**TASK TO CARRY OUT**
Whatever lies between the line that holds "Lissencephaly and Grace" and the final line of the records below, both included, should be repeated exactly; leave out the pictures and add nothing.

**GIVEN DATA**
┄┄┄┄┄┄┄┄┄┄┄┄┄┄┄┄┄┄┄┄

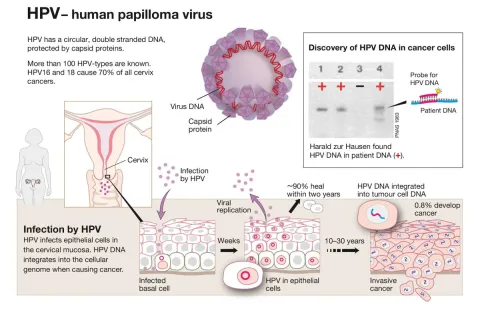 Virologist Harald zur Hausen discovered how cervical cancer is triggered by virus infections. His work led to the creation of the HPV vaccine which cuts the risk of developing cervical cancer.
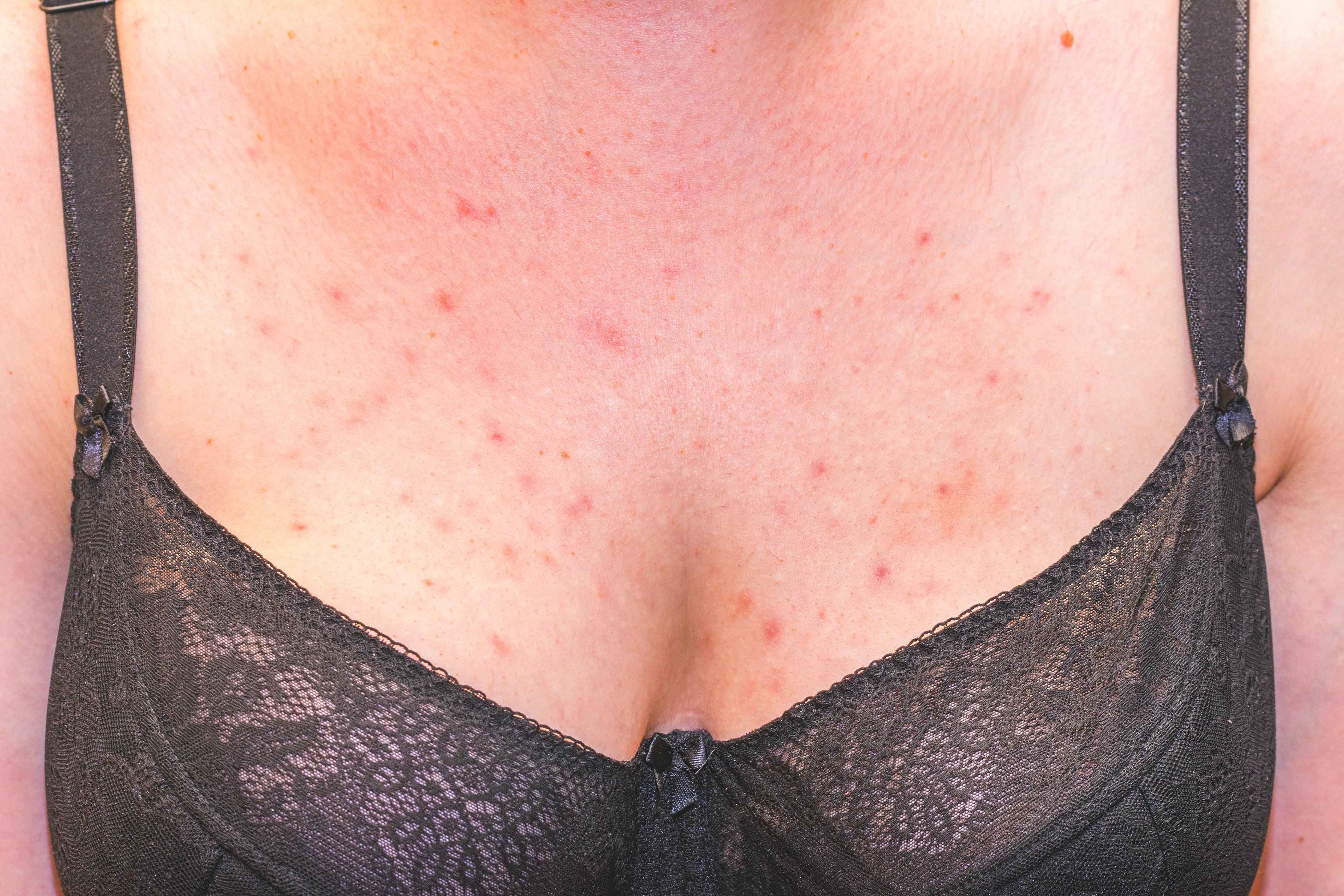 4 Common Skin Reactions Brought by Wearing the Wrong Bras – Cottonique -  Allergy-free Apparel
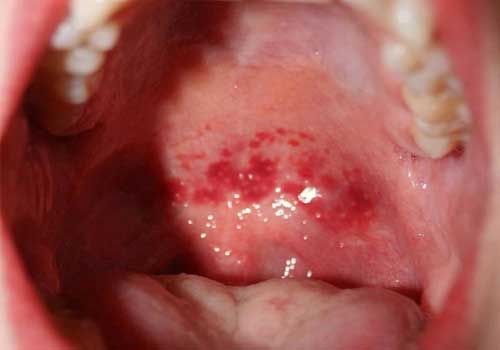 Bệnh viêm họng hạt là gì? Triệu chứng, nguyên nhân và cách chữa 3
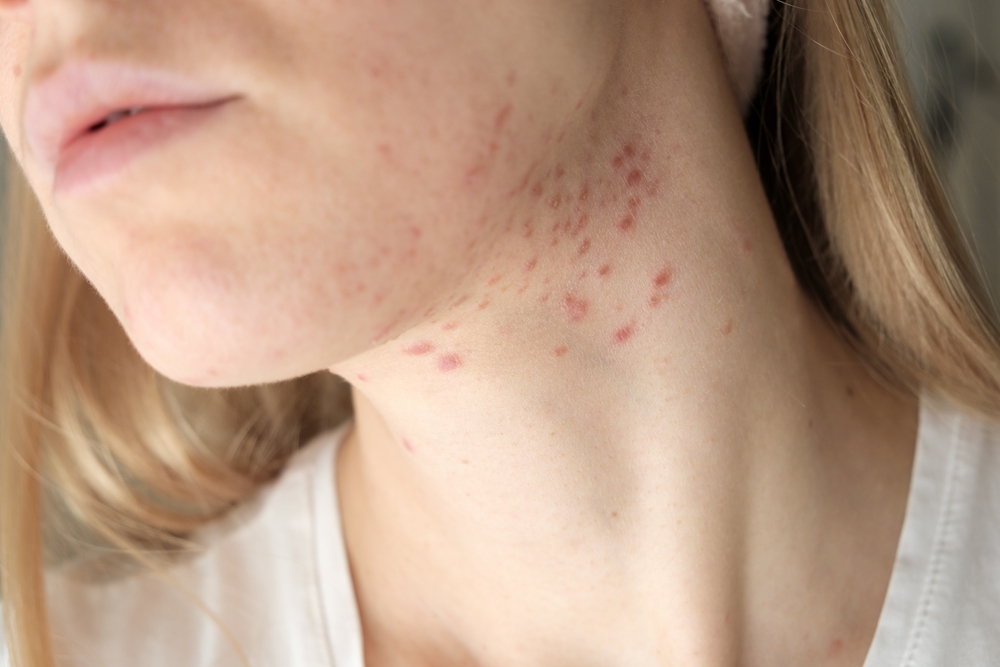 How To Identify And Treat Fungal Acne Health Wellness Blog 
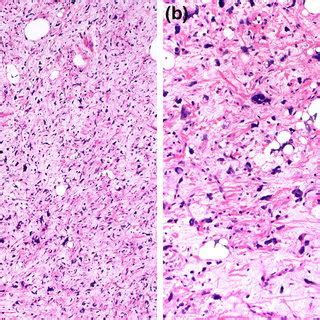 Histopathologic Features Of Pleomorphic Liposarcoma Showing Sheets Of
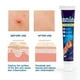 thumbnail image 4 of 20g Crema Tópica Urticaria: Alivio eficaz del picor, calma rápidamente las irritaciones de la piel, recomendada por dermatólogos, 4 of 7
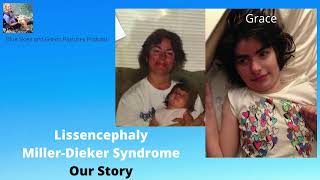 Lissencephaly and Grace Our Story [upl. by Absalom]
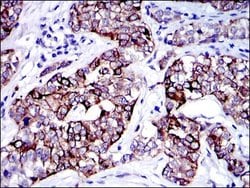 Invitrogen Cytokeratin 19 Monoclonal Antibody (4E8) 100 &mu;L; Unconjugated:Antibodies,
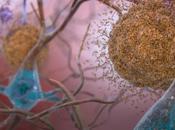 ALZHEIMER prédictive déclin, même bonne santé cognitive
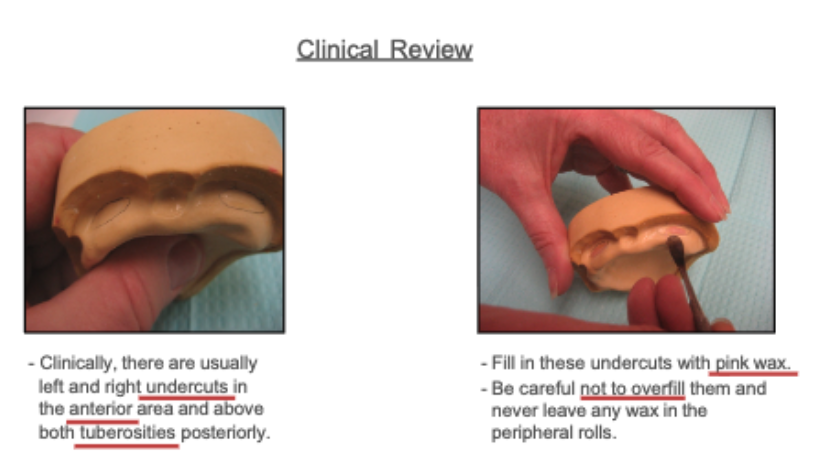 <ul><li><p>maxillary → anterior area and above both tuberosities posteriorly</p></li><li><p>mandibular → labial aspect and both retromylohyoid areas</p></li></ul><p>fill in these undercuts with pink wax (careful not to overfill and never leave wax in peripheral rolls)</p>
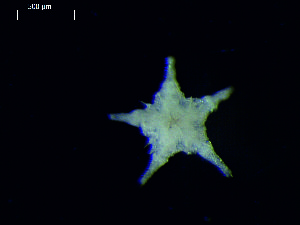  (Amphiophiura bullata - DSB_3353)  @11 [ ] Copyright (2019) Magdalini Christodoulou German Center for Marine Biodiversity Research
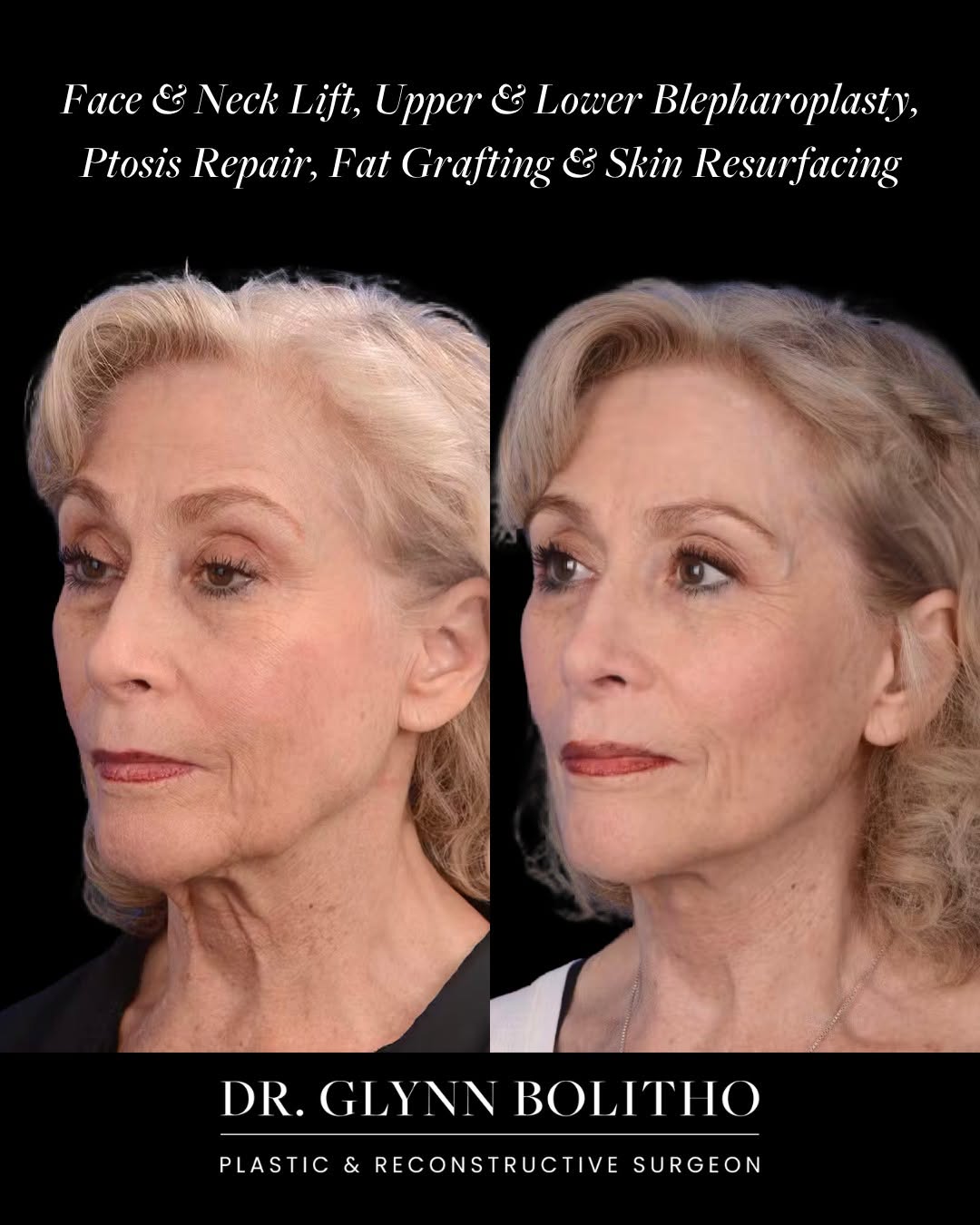Instagram post by Dr. Glynn Bolitho, PhD: This 69-year-old patient underwent a deep plane face and neck lift, fat grafting to the cheeks, upper and lower blepharoplasty, bilateral pt…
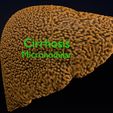 ps11.jpg 3D Alchoholic liver disease cirrhosis hepatitis fatty model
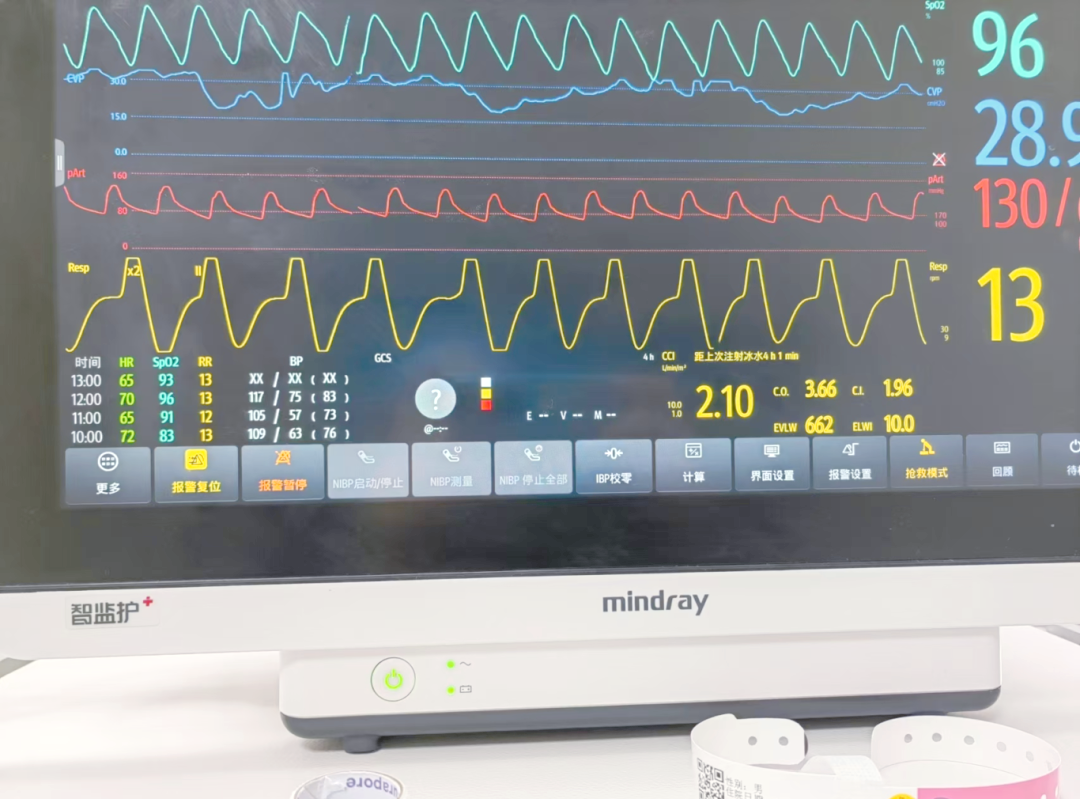 —重症患者血流动力学监测的得力助手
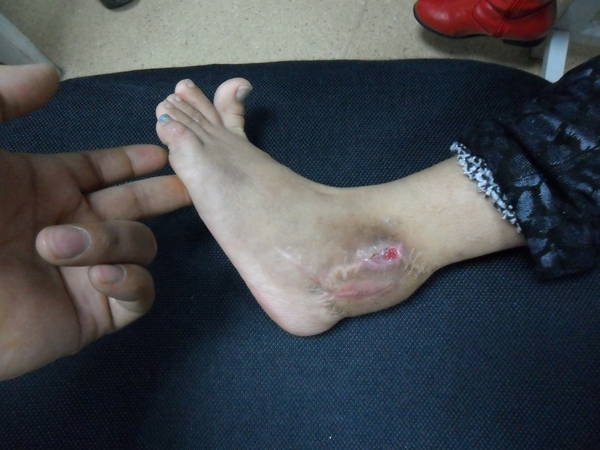 检查跟腱抗阻力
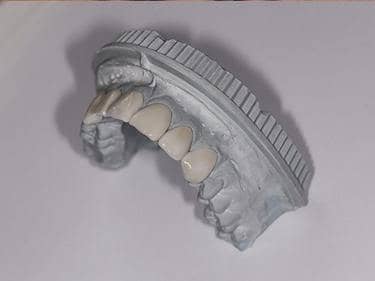 model fațete dentare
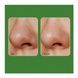 Пилинг-маска с микроиглами для проблемной кожи Medi-Peel EGF Peel Tox, 70 г 034-ac4 фото 3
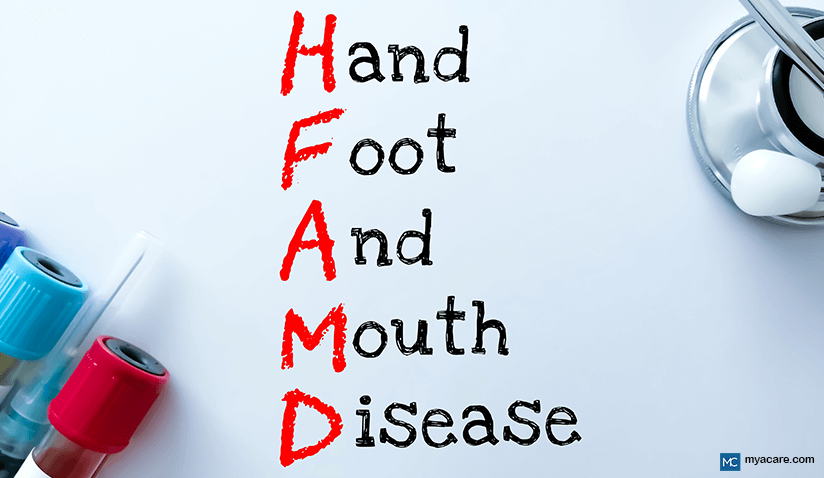 HAND, FOOT AND MOUTH DISEASE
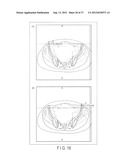 PREOPERATIVE PLANNING PROGRAM AND OPERATION SUPPORT JIG FOR HIP     REPLACEMENT ARTHROPLASTY diagram and image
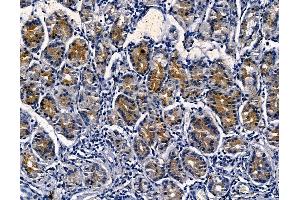 SPNS1 Antibody at 1/100 staining human pancreatic cancer and adjacent non-tumor tissue by IHC-P. (SPNS1/Spinster 1 anticorps)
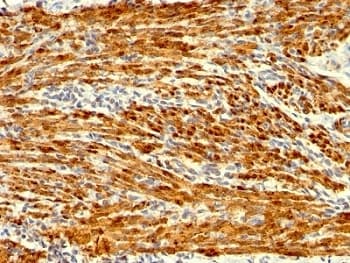 CNN1 / Calponin Antibody (clone SPM169)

┄┄┄┄┄┄┄┄┄┄┄┄┄┄┄┄┄┄┄┄

**ANSWER SECTION**
 Lissencephaly and Grace Our Story [upl. by Absalom]
 Invitrogen Cytokeratin 19 Monoclonal Antibody (4E8) 100 &mu;L; Unconjugated:Antibodies,
 ALZHEIMER prédictive déclin, même bonne santé cognitive
 <ul><li><p>maxillary → anterior area and above both tuberosities posteriorly</p></li><li><p>mandibular → labial aspect and both retromylohyoid areas</p></li></ul><p>fill in these undercuts with pink wax (careful not to overfill and never leave wax in peripheral rolls)</p>
  (Amphiophiura bullata - DSB_3353)  @11 [ ] Copyright (2019) Magdalini Christodoulou German Center for Marine Biodiversity Research
Instagram post by Dr. Glynn Bolitho, PhD: This 69-year-old patient underwent a deep plane face and neck lift, fat grafting to the cheeks, upper and lower blepharoplasty, bilateral pt…
 ps11.jpg 3D Alchoholic liver disease cirrhosis hepatitis fatty model
 —重症患者血流动力学监测的得力助手
 检查跟腱抗阻力
 model fațete dentare
 Пилинг-маска с микроиглами для проблемной кожи Medi-Peel EGF Peel Tox, 70 г 034-ac4 фото 3
 HAND, FOOT AND MOUTH DISEASE
 PREOPERATIVE PLANNING PROGRAM AND OPERATION SUPPORT JIG FOR HIP     REPLACEMENT ARTHROPLASTY diagram and image
 SPNS1 Antibody at 1/100 staining human pancreatic cancer and adjacent non-tumor tissue by IHC-P. (SPNS1/Spinster 1 anticorps)
 CNN1 / Calponin Antibody (clone SPM169)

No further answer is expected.